The origins of the cathedral date to 313, when a small Constantinian basilica was erected on approximately the same spot as the present cathedral shortly after the Edict of Milan. Destroyed by fire in 441, it took 37 days to demolish those parts of the basilica that had escaped destruction. Then a basilica in the Roman style was constructed by Bishop Rusticus, who was encouraged in his work by the Gaulish prefect, Marcellus. The basilica was finished on 29 November 445. Originally dedicated to Saint Genesius of Arles, it was re-dedicated in 782 to the young Spanish martyrs Saints Justus and Pastor. Little remains of this building: two Roman columns from the former forum, used in the nave, can be seen in the present cloister; the lintel and an aedicule of white marble are displayed in the Lapidary Museum of Narbonne.The 5th-century building deteriorated to a ruin, and a Carolingian cathedral was erected in its place beginning in 890 by Archbishop Theodard (d. 893). The 9th-century steeple, largely restored, is visible from the cloister.

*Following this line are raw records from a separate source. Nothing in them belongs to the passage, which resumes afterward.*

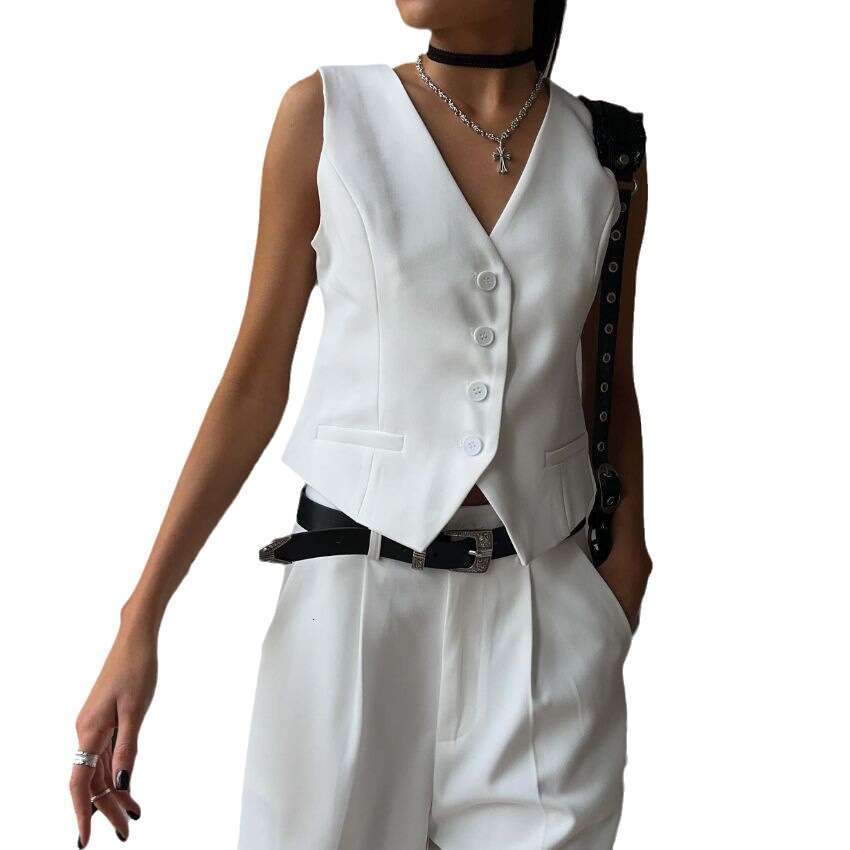 Vest And Spring Summer V-Neck Single-Breasted Waistcoat + Straight-Leg Suit Shorts Set B5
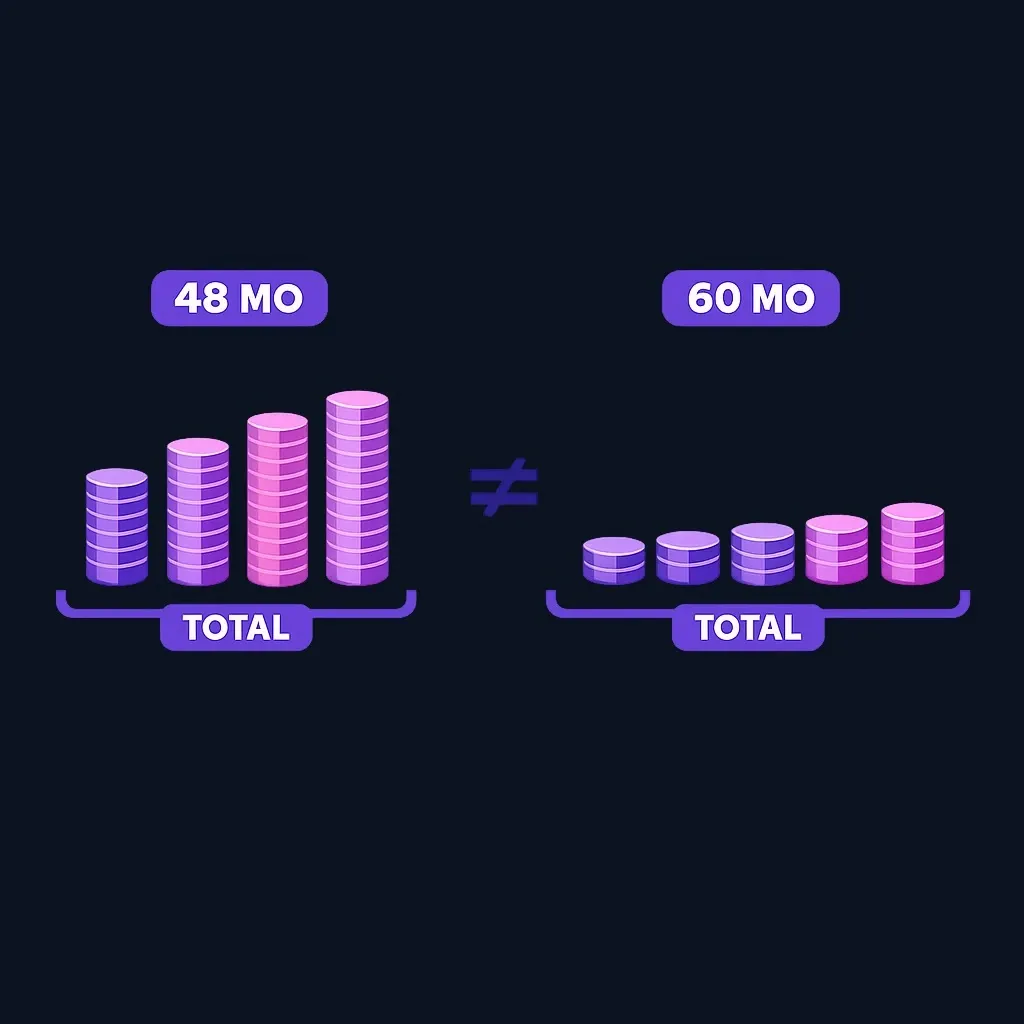 Side-by-side comparison of a 48-month loan and a 60-month loan showing payment size versus number of payments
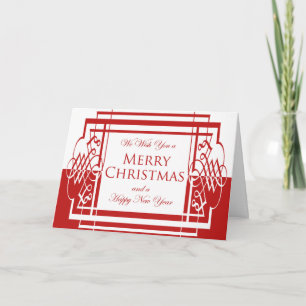 Cartão De Festividades Elegant Bright Red Holiday Good Cheer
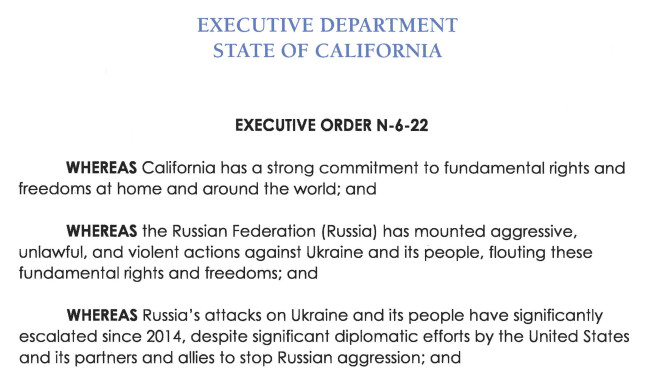 CCSB Provides Update on Executive Order N-6-22 Regarding Russian Sanctions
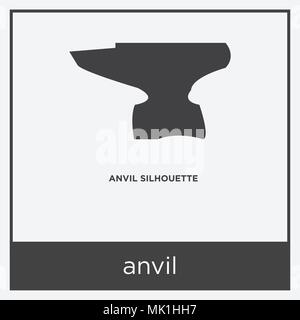 Icona di incudine isolato su sfondo bianco con telaio grigio, simbolo e segno Illustrazione Vettoriale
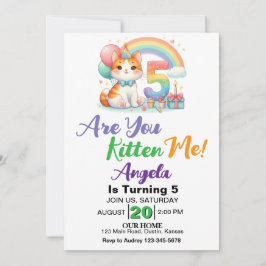 かわいい子猫の5歳の誕生日パーティー 招待状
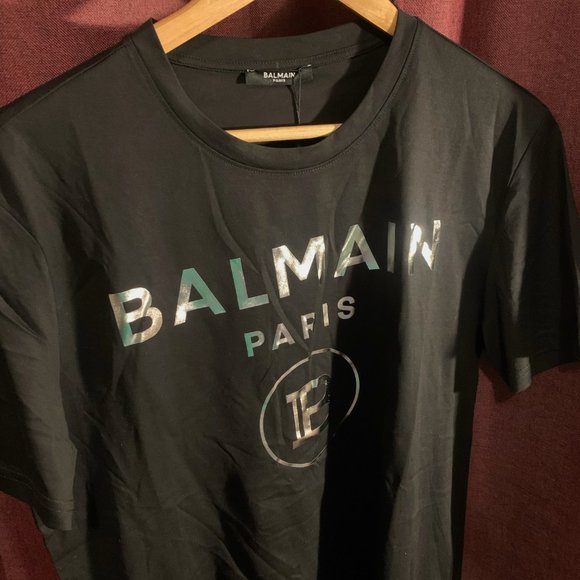 Balmain Paris T Shirt - Silver Print on Black - Picture 12 of 12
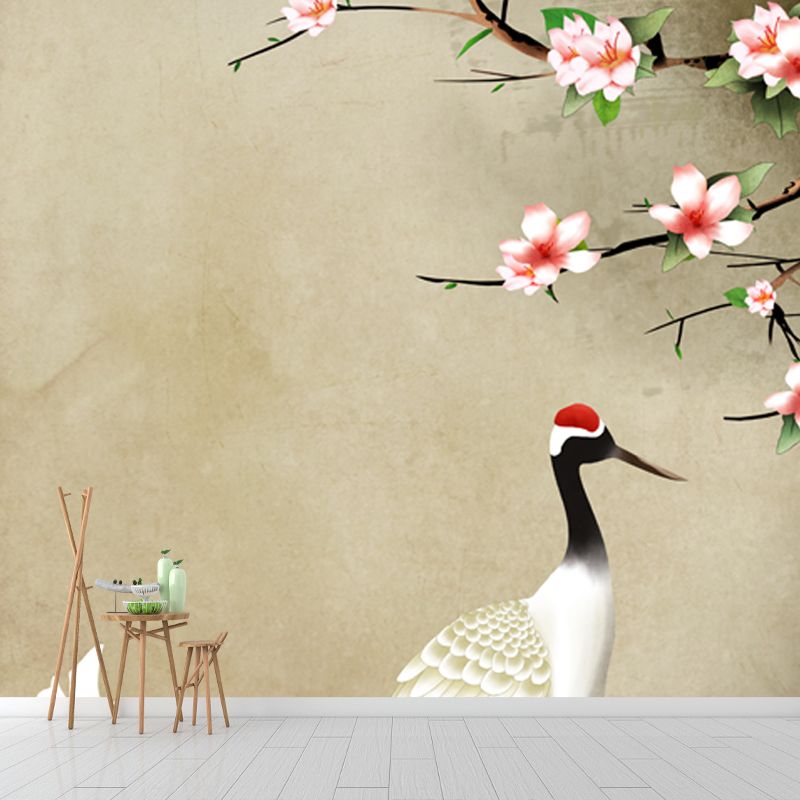 Light Brown Chinese Wallpaper Mural Whole Flower and Red-Crown Crane Wall Art for Home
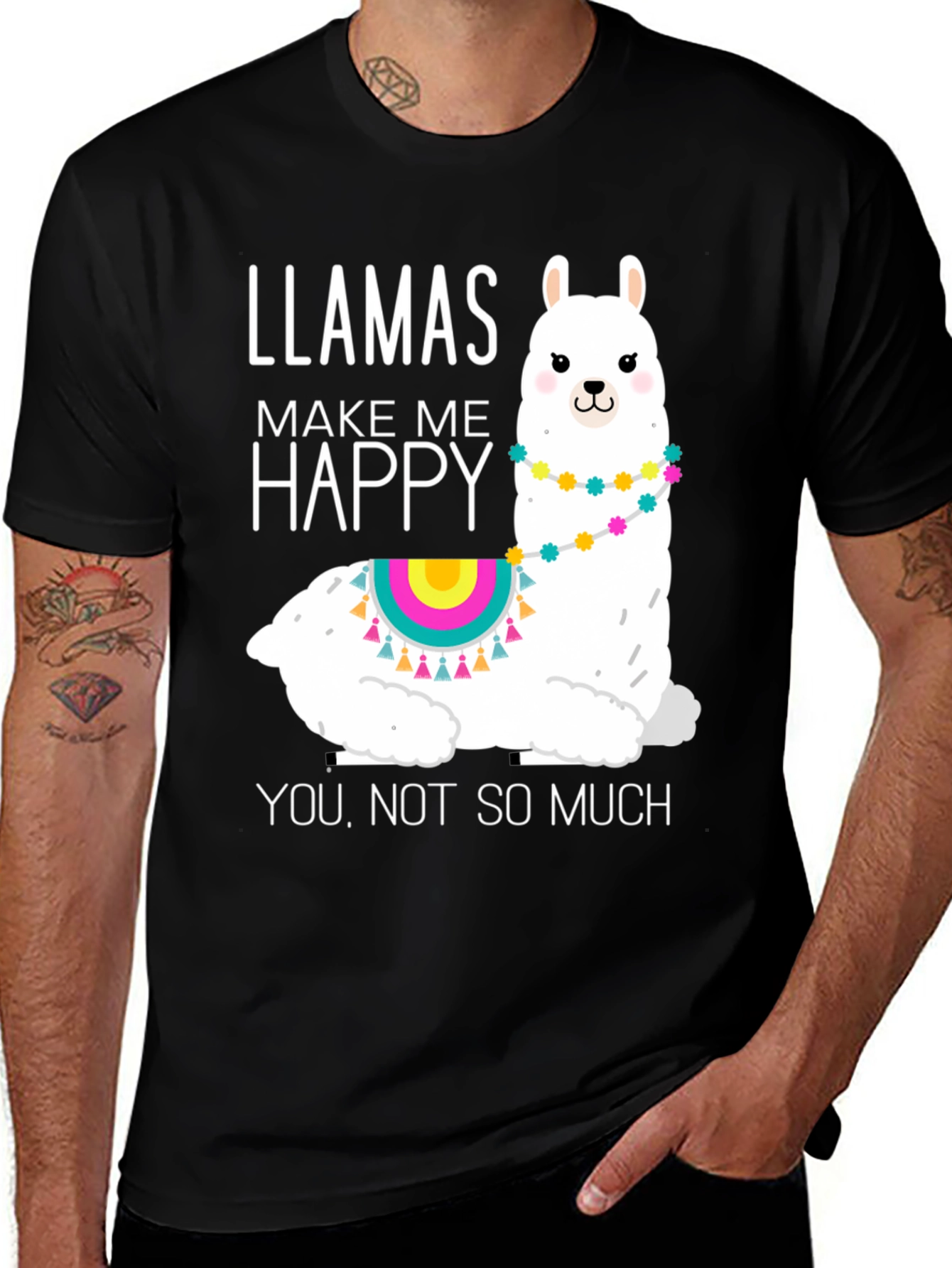 Variant 3 of Llama Make Me Happy Graphic Tee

In 1268, Pope Clement IV, a former archbishop of Narbonne, decided to build a Gothic cathedral, adopting in the style of the Kingdom of France that aligned with his political allegiance. The first stone of this cathedral was laid by Archbishop Maruin on 13 April 1272, in the foundation of the current Chapel of the Sacred Heart, and the construction continued under the direction of Jean Deschamps. The building opened in 1286 and was gradually expanded until 1354, when the location of the city walls prevented its further expansion and the nave and transept were never completed.